For cost accounting purposes many companies lump FP&A into accounting and allocate costs to business units via a percentage of revenue or some other arbitrary driver. This assumes that larger business segments utilize more resources then smaller business units. Although this linear relationship makes sense for accounting which is primarily transaction based, this may not be the case for FP&A. The need for more intense analysis, budgeting and planning is greatest in smaller, high growth areas within a company then they may be for larger more stable businesses.
So what if all FP&A professionals utilized a billable hour method to allocate their resources? This would allow an enterprise the flexibility to allocate resources to areas that are most needed as well as allocate the cost more appropriately.
The standard FP&A operating models proposed by the AFP and others are too ridged for today’s business environment.
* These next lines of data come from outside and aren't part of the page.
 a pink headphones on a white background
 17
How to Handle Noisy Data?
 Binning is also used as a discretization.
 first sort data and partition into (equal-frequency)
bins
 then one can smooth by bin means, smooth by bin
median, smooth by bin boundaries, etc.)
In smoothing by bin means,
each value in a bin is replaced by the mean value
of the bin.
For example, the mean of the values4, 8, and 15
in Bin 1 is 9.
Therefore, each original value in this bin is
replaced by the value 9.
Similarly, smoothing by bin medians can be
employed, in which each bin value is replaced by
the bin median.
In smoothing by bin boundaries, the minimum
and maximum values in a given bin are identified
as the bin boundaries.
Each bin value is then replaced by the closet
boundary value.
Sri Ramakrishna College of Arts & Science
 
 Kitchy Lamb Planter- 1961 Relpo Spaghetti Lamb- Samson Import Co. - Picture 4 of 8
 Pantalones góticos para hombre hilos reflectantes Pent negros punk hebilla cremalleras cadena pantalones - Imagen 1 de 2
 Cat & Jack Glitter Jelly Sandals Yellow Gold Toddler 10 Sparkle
The centralization and decentralization of FP&A resources assumes that all operating units need the same degree of support and are stagnant. Business units are bought, sold, changed, grow and decline. A structure that is not flexible to account for that and dynamically reallocate resources to the areas that are most needed will be at a significant disadvantage.
Any corporate consolidation functions such as debt covenant or investor reporting could be billed to a corporate shared services cost center and allocated out just as accounting, if desired. By tracking the time spent on providing these services a company would be better able to identify the true cost of debt and equity by applying those costs just as they would interest rate expense.
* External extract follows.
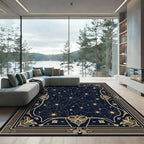 Celestial Gold Starry Night Sky Rug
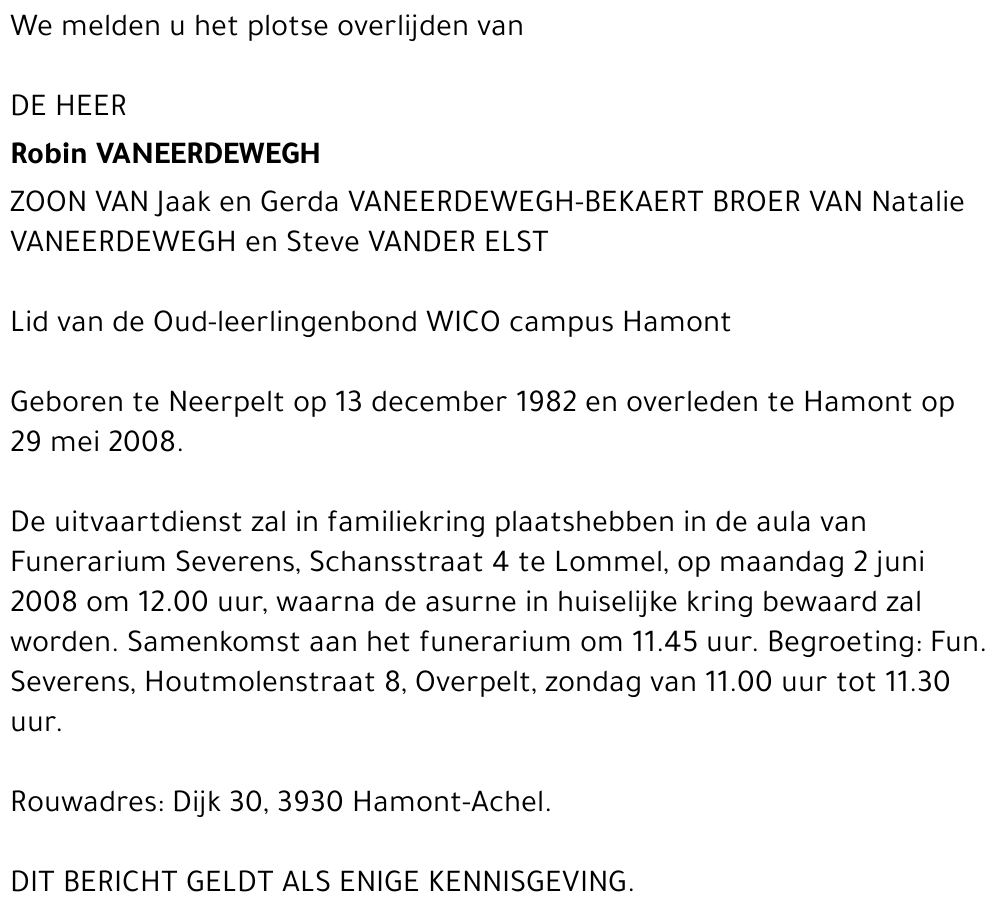 Robin Vaneerdewegh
Benefits and a Few Challenges
The tracking and billing of FP&A time and subsequent inter-company billing would allow for clear results in regards to anticipated efficiencies and/or the amount of time being taken to complete each management request or report.
It would unchain FP&A professionals from their desk. Regardless of their physical location, they could allocate their time to multiple projects or businesses at once. For each project, report or process in which they own, they would have a business leader as a client but directly report up to a corporate FP&A leader. This would provide the benefits of a distributed FP&A model while minimizing political intricacies that sometimes occur when an FP&A person reports up to a business operation executive.
Recently there has been talk about the possibility of outsourcing FP&A. Depending on what services being offered, an FP&A professional service operating model would allow the company to leverage outside resources in a challenger champion capacity against internal resources, rewarding work to the most productive, profitable, etc… provider.
A professional service FP&A operating model may lead to employee backlash, especially older workers who may be more accustom to not tracking their time. Although culturally this may be a difficult change, new employees may appreciate the flexibility and control that a professional services model would provide.
Determining appropriate internal bill rates may prove difficult. Should it be cost plus pricing? Pure cost with no overhead? Should bill rates be based on what similar services cost externally? If the professional service model produces a phantom profit based on bill rates, how is that eliminated through consolidation in corporate?
An FP&A professional services operating model would allow for increased corporate flexibility, a more productive allocation of resources and the potential to clearly communicate efficiency gains that software or other new process may garner. It may be worth a look for your organization.